Tetragon’s design goal was similar to BPF LSM in not requiring to pay the “security performance tax” and ensuring not to be vulnerable to TOCTOU attacks. In addition, it focuses specifically on being Kubernetes-native and solving runtime security use cases for containers and cloud native Kubernetes environments.
eBPF on Windows
Until then, eBPF’s evolution was limited to Linux until Dave Thaler decided to change this and start the project to port eBPF to Windows and implement an initial partial port of Cilium on Windows. Dave realized that Microsoft had different groups to work on identical infrastructure projects for both Windows and Linux. eBPF would eventually allow the consolidation of this work and get to a standardized language to write operating system-level infrastructure code.
As part of this port, the work to standardize eBPF via the IETF will be crucial for the long-term success of eBPF in the industry across many operating systems.
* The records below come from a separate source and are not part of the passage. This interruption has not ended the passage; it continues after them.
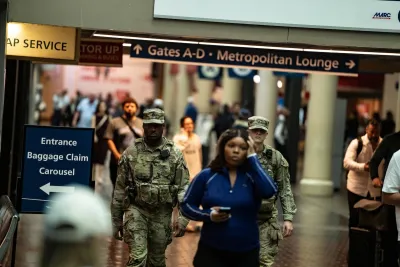 Woman in blue athletic clothes walks through DC Union Station with two National Guardsmen in uniform walking behind her.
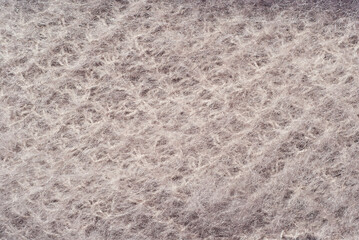 Goat wool fabric. Mohair close up. Beige knitted fabric.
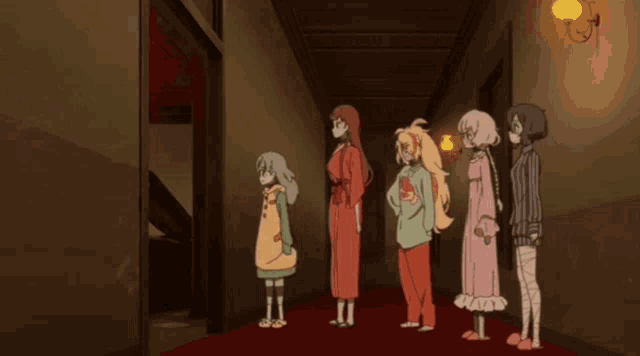 a group of anime characters standing in a hallway with one wearing a shirt that says ' a ' on it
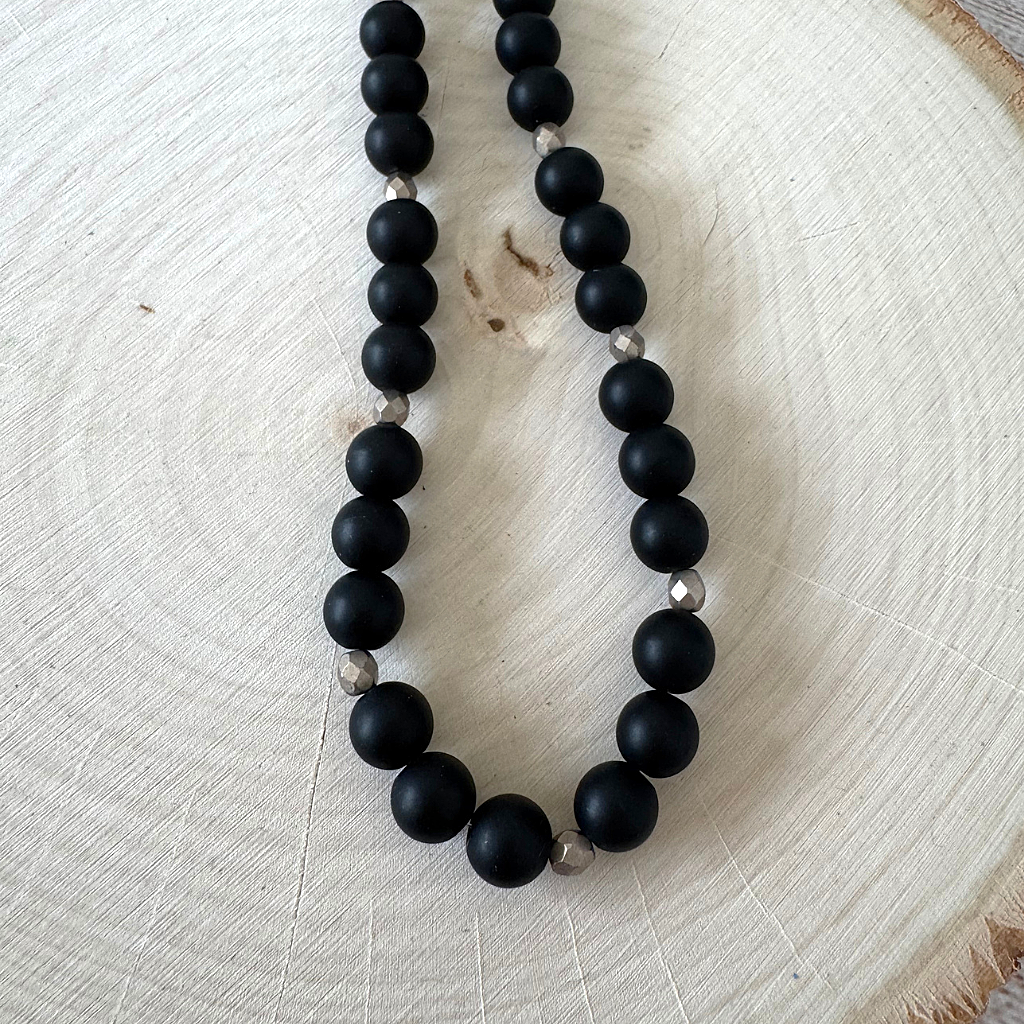 Mens Matte Black Onyx and Gold Czech Beaded Necklace On a Piece of Wood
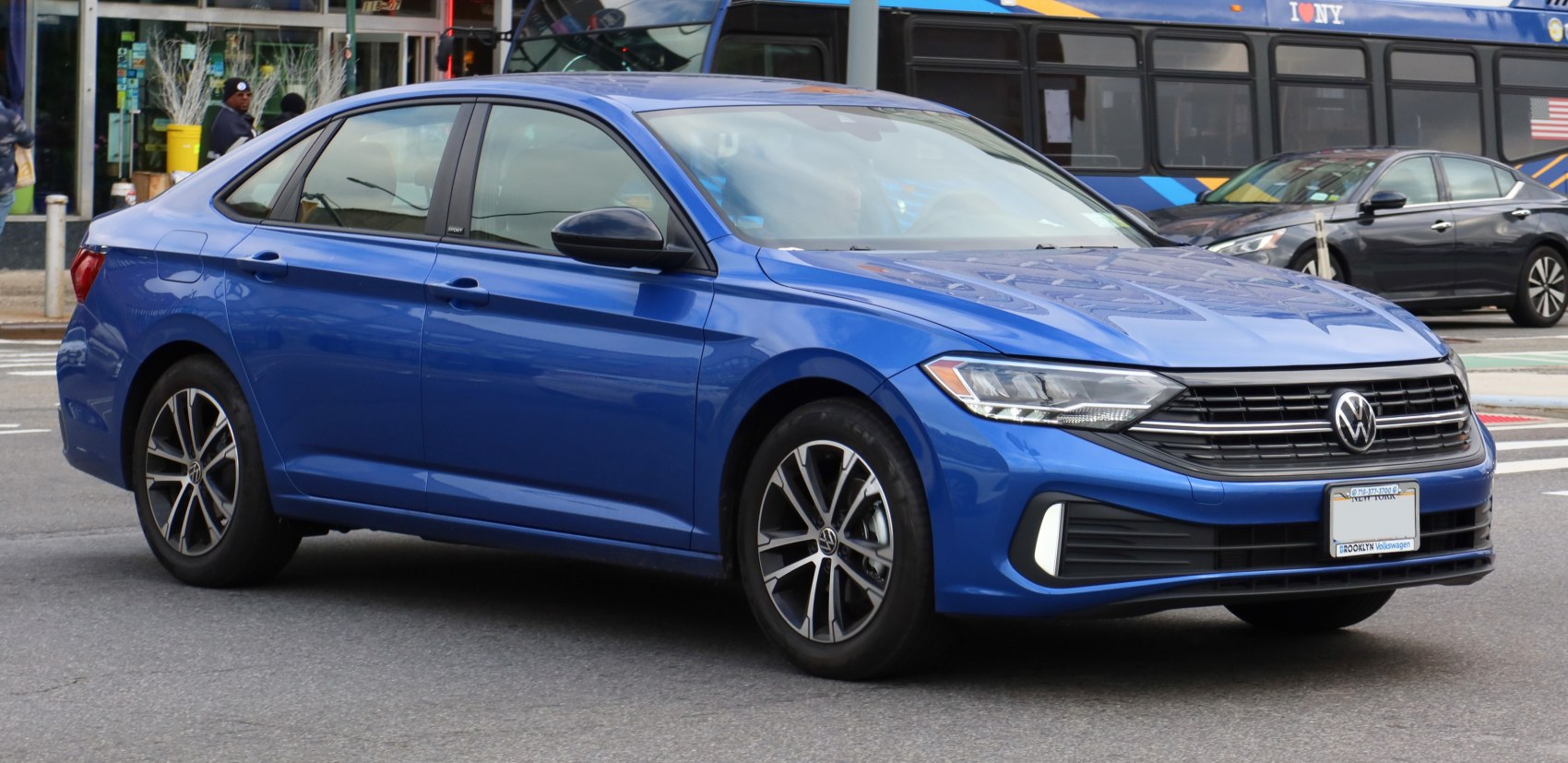 Front side view of blue sedan with sleek headlights and alloy wheels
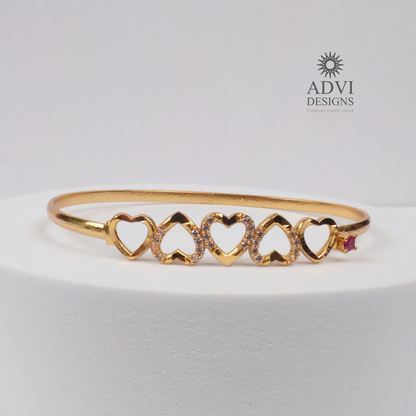 Gold-Tone Heart Design Bangle with Clear Stones & Pink Accent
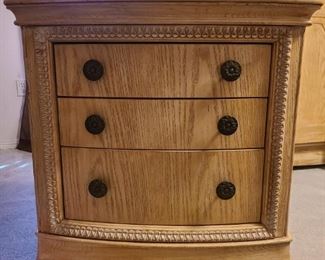 Beautiful blonde wood 3 drawer night stand - We have 2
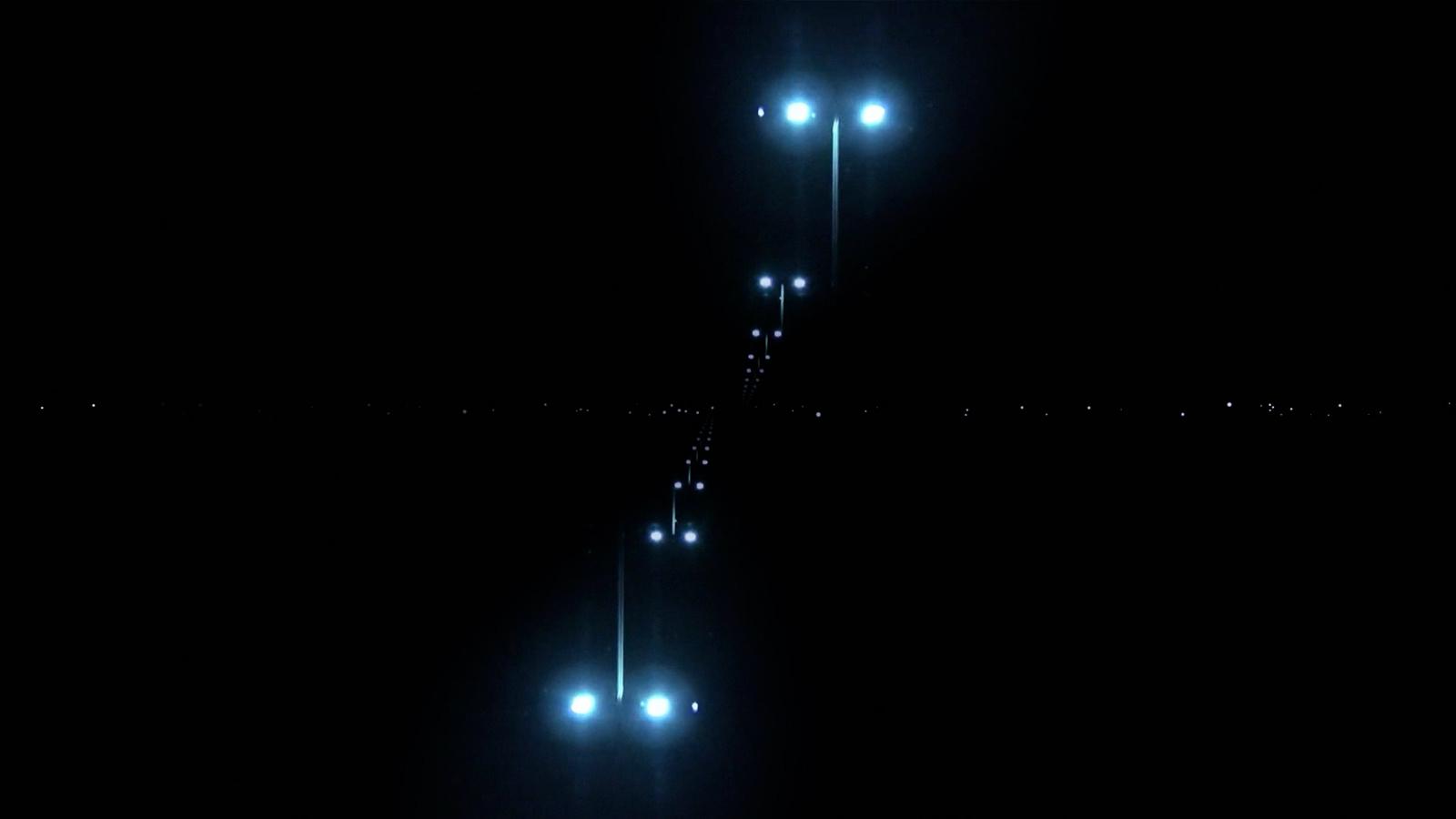 a couple of lights that are on a pole in the dark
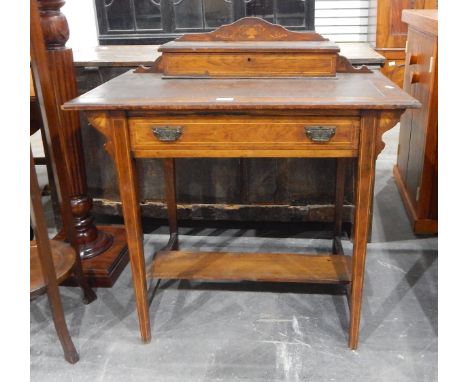 Edwardian rosewood lady's writing table, the top with stationery box, inset writing slope, long frieze drawer, with open shel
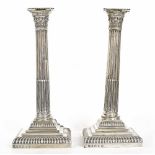Pair of George V silver reeded candlesticks, with Corinthian reeded columns and square stepped bases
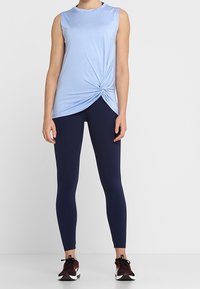 Ljusblå ärmlös topp med en vriden detalj vid midjan, i kombination med marinblå leggings och svarta träningsskor. Slät tygkvalitet och åtsittande design.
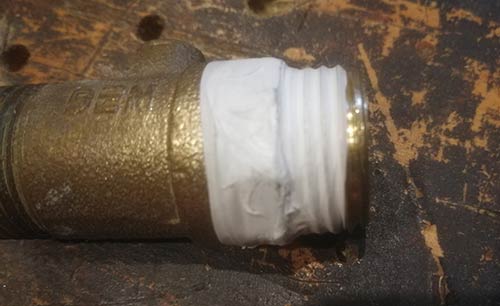 PTFE tape wound around thread on joint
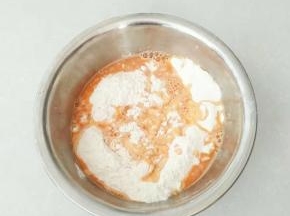 面粉中倒入适量的胡萝卜汁，发酵粉一起放入。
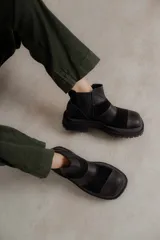 Botas de caña baja con punta cuadrada, confeccionadas en una combinación de cuero liso y gamuza. Presentan un diseño con múltiples cortes y costuras visibles, elásticos laterales y suela de goma tipo track con plataforma.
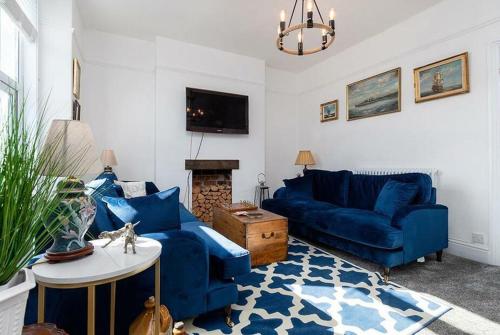 a living room with two blue couches and a tv at Haulfryn Apartment in Conwy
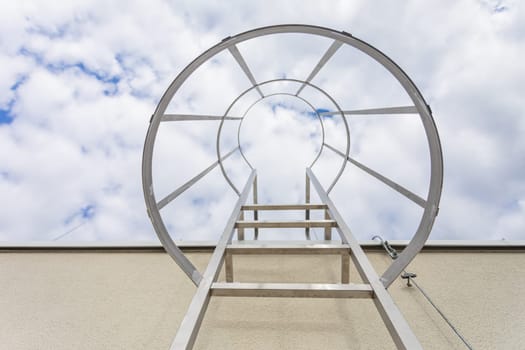 Bottom view of the stainless steel ladder mounted on the building facade. Technical access on the outside of the building to the higher part of the roof.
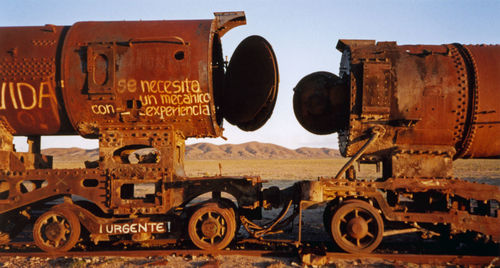 Old train on railroad track against sky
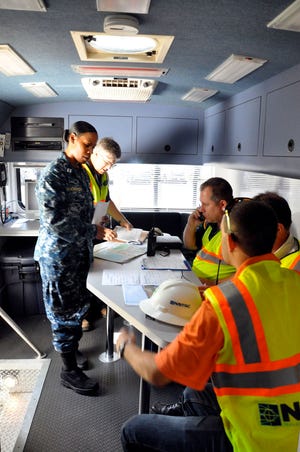 As part of the Hurricane Exercise (HURREX) conducted the third week of May in Navy Region Southeast, Naval Facilities Engineering Command (NAVFAC) Southeast deployed a Contingency Engineering Response Team (CERT) May 22 to Naval Station Mayport to practice their skills. Public Works Department Mayport Production Officer Lt. Cheron Thornton (left) briefs the CERT in the mobile command post (MCP) on simulated damaged buildings (as a simulated hurricane heads for Pensacola) that will require assessment by the Damage Assessment Teams (DATs). The CERT completed the exercise and is ready for the 2013 hurricane season learning valuable lessons from the HURREX.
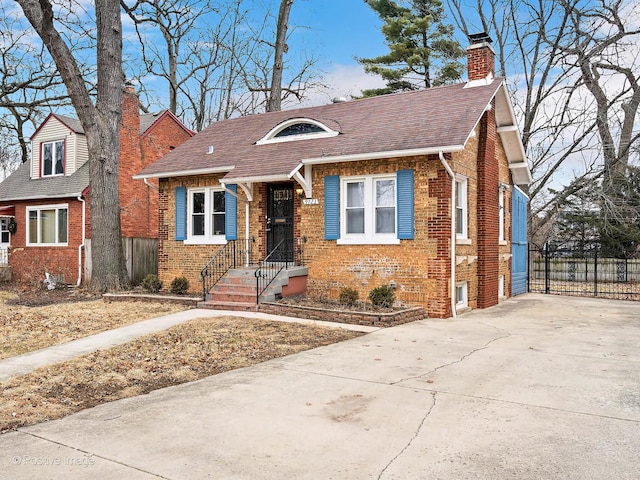 bungalow-style house featuring brick siding, fence, concrete driveway, roof with shingles, and a chimney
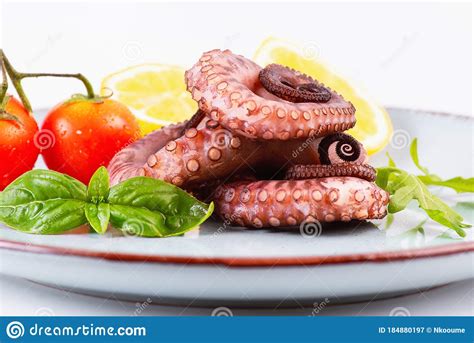 Close Up Of Raw Octopusraw Octopus Tentacles In A Blue Plate With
To close this all out, I would like to leave you with quotes from the people who have been the most involved since the beginning. Overall, we have barely scratched the surface of what will become possible with eBPF.
I have used eBPF in meetings where in a meeting someone says: “I wish we were able to measure this”, and I said: “Hold on”, opened up my laptop, and said: “I’ve done it in production” before the meeting was over. “Here is your answer”. That’s the kind of super power we need.Brendan Gregg
Even though it has been ten years, it is just the beginning. What we saw in innovation going towards user space has now come back into the kernel.Daniel Borkmann
My passion is to innovate and enable others to innovate and eBPF fulfills this role in my life. If in the past the kernel could be programmed by 100 people in the world, now 100K people can program the kernel thanks to eBPF.Alexei Starovoitov
Today, eBPF is everywhere. We often don’t realize it. Every Android smartphone runs eBPF, new security products are based on eBPF, and it’s hard to see infrastructure software coming out today that is not using eBPF. I’m incredibly grateful to the eBPF and kernel community to have had the privilege of being part of the journey from the early days of collaborating with PLUMgrid to founding Isovalent.